Considering the complexities that exist around the association of factors with outcome of a health condition such as acute whiplash injury, complete elaboration of such associations would be beyond the scope of a single study, and different phases of research might be needed to identify, confirm and understand prognostic associations [32]. It is also necessary that future studies employ rigorous methodology (such as using validated and objective measures) and reporting standards (including the use of magnitude of associations) [8, 15, 19, 33].

We did not identify any recent systematic reviews (within the past 5 years) that examined psychological factors, early healthcare use and motor dysfunctions. It would be helpful to undertake updated systematic reviews to explore the association of these factors with the prognosis of whiplash.

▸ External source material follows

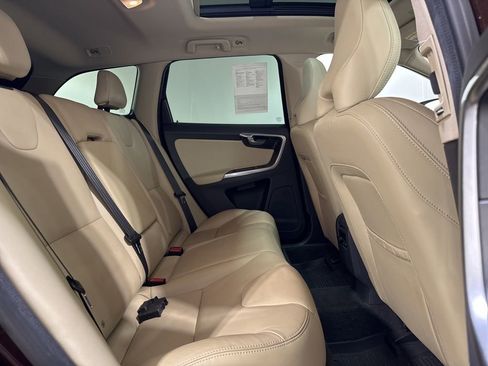 Used 2017 Volvo XC60 T6 Dynamic w/ Climate Package AWD/4WD image 25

Our methodology had the benefit of relying on the best available evidence provided by the systematic reviews included, but this has limitations. More recent studies would not have been captured by the included reviews. In addition, by including all the prognostic factors explored by the systematic reviews, this meta-review maps the field and provides an overall picture, but in doing so, it necessarily reduces the depth of analysis for each individual factor.

In conclusion, this meta-review provides a comprehensive overview of the state of the high-level evidence available concerning the factors associated with the outcome of patients with whiplash injuries. The predictors of poor outcome after acute whiplash injury are early pain and some psychosocial factors, whereas physical factors are not associated with the outcome of acute whiplash.